Your task is to repeat the entries below exactly and to leave their images out.

START INFORMATION

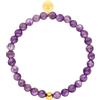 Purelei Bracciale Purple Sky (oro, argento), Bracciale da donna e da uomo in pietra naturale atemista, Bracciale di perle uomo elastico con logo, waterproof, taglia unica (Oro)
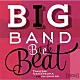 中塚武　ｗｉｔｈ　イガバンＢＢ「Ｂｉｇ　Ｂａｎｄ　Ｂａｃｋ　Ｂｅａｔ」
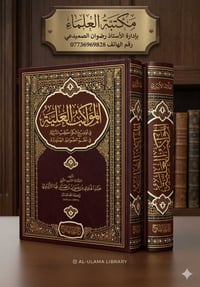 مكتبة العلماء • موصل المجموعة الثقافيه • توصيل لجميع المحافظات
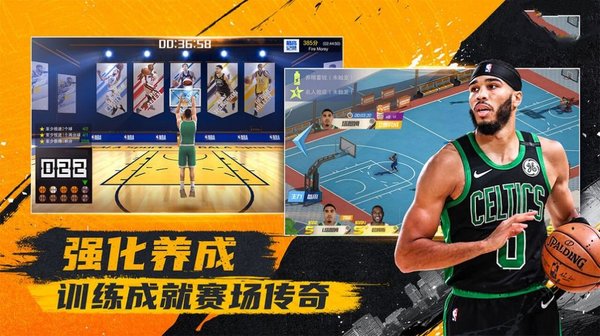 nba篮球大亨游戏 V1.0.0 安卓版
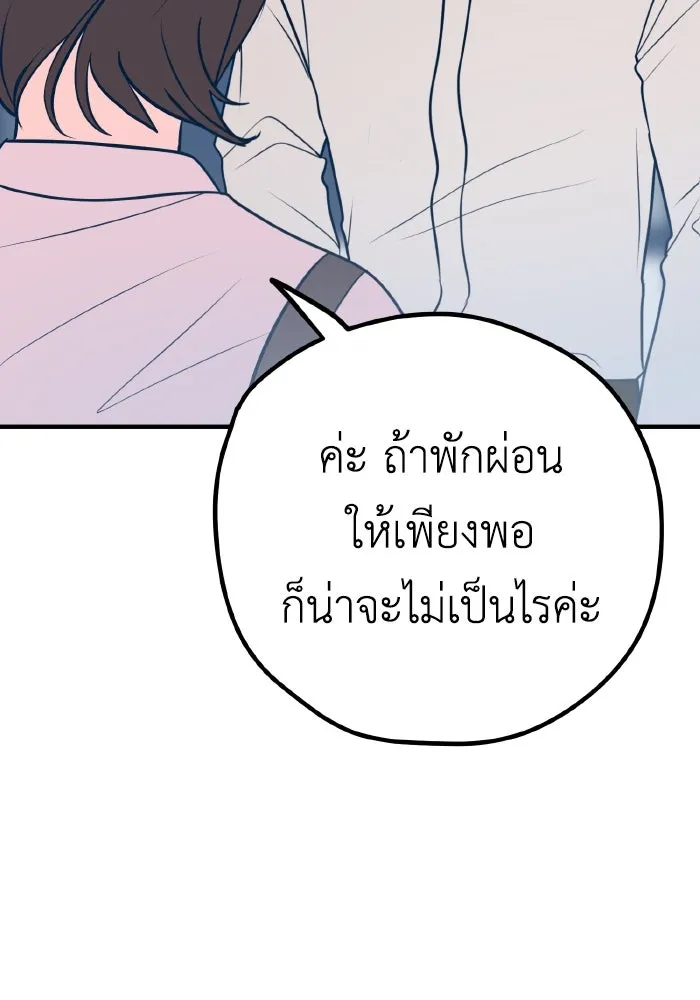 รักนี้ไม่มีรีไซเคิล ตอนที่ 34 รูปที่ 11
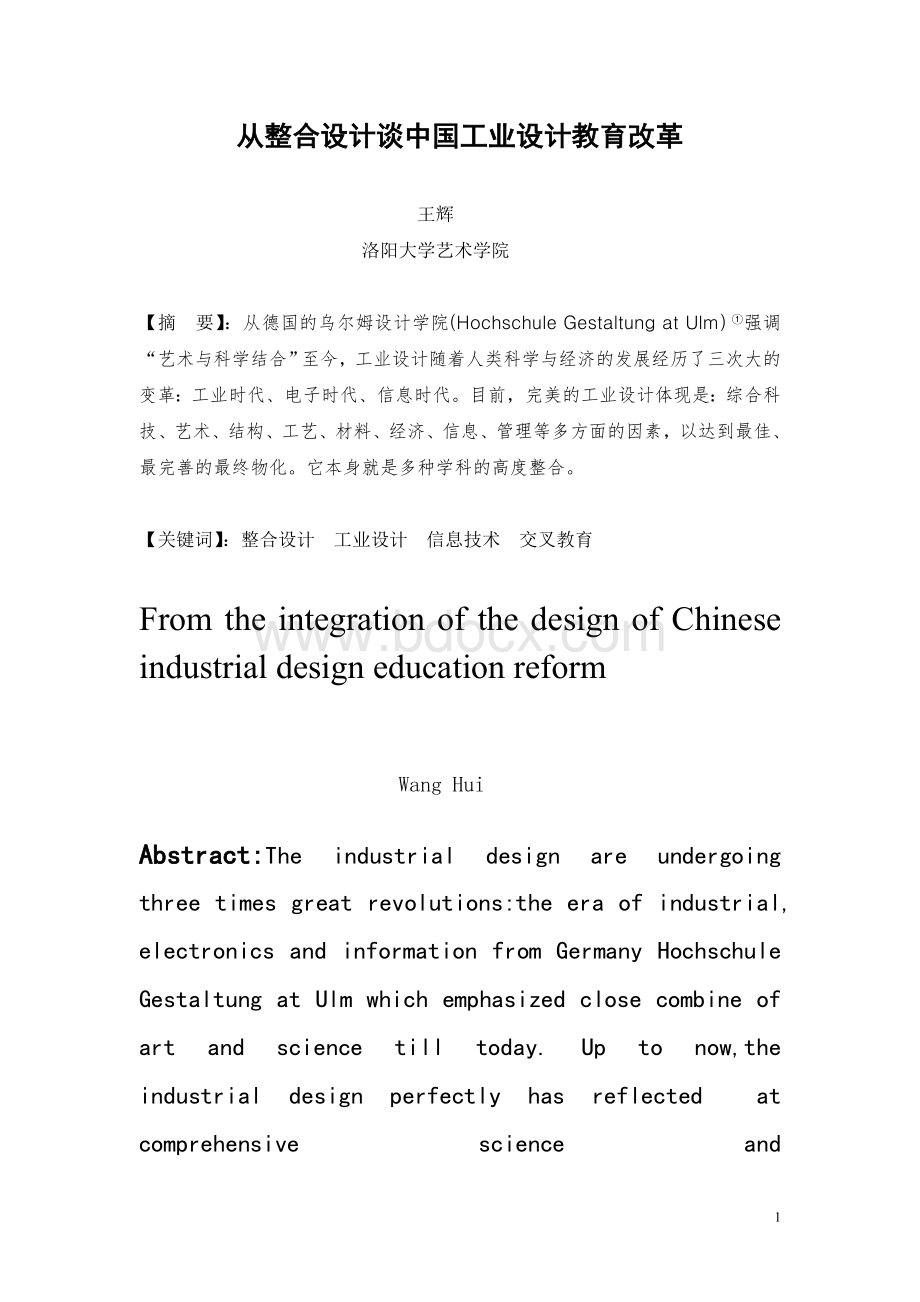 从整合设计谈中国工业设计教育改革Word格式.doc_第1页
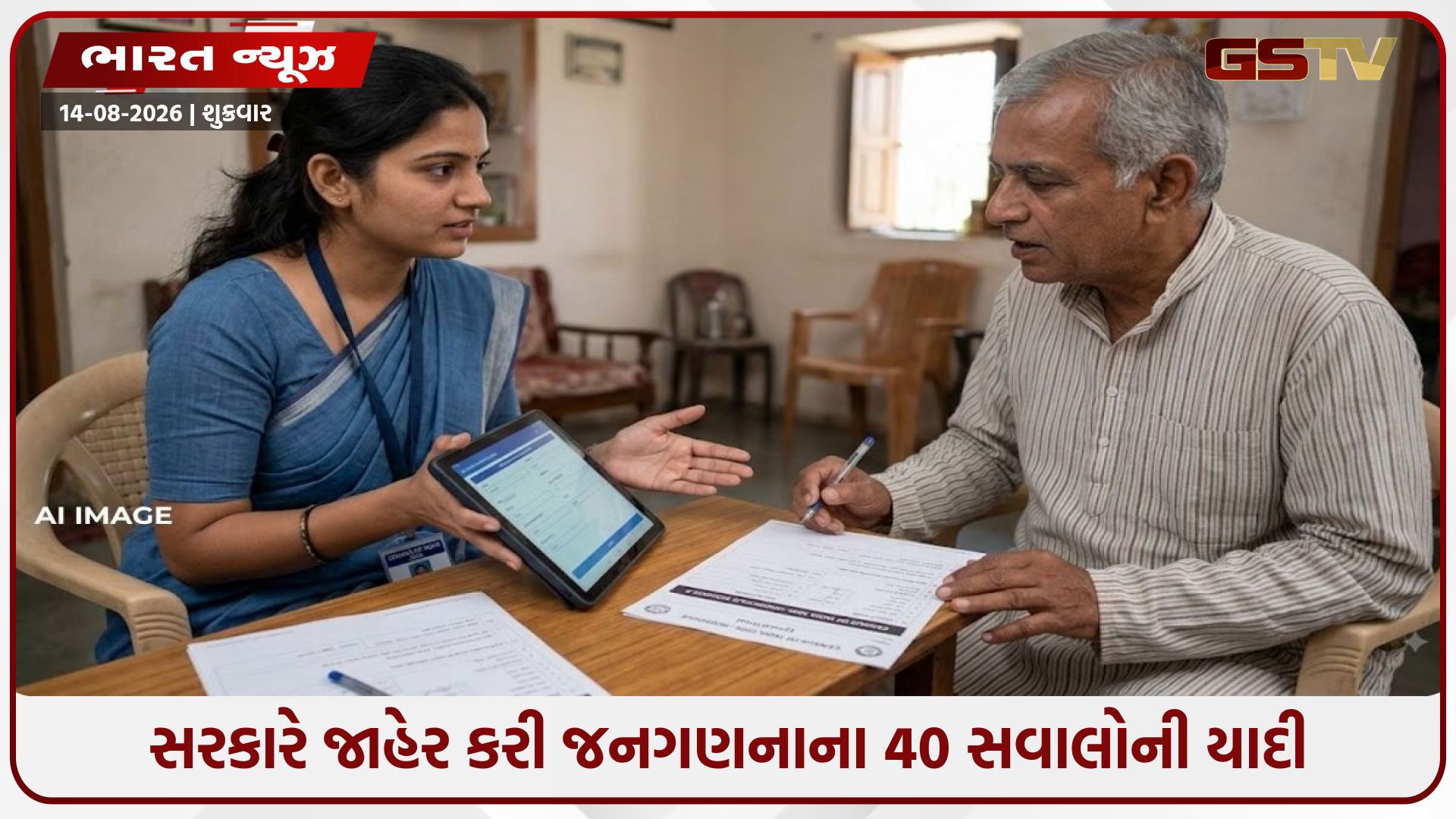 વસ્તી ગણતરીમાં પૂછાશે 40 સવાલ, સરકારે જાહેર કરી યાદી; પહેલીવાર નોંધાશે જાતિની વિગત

END INFORMATION

COMPLETED TASK =
 Purelei Bracciale Purple Sky (oro, argento), Bracciale da donna e da uomo in pietra naturale atemista, Bracciale di perle uomo elastico con logo, waterproof, taglia unica (Oro)
 中塚武　ｗｉｔｈ　イガバンＢＢ「Ｂｉｇ　Ｂａｎｄ　Ｂａｃｋ　Ｂｅａｔ」
 مكتبة العلماء • موصل المجموعة الثقافيه • توصيل لجميع المحافظات
 nba篮球大亨游戏 V1.0.0 安卓版
 รักนี้ไม่มีรีไซเคิล ตอนที่ 34 รูปที่ 11
 从整合设计谈中国工业设计教育改革Word格式.doc_第1页
 વસ્તી ગણતરીમાં પૂછાશે 40 સવાલ, સરકારે જાહેર કરી યાદી; પહેલીવાર નોંધાશે જાતિની વિગત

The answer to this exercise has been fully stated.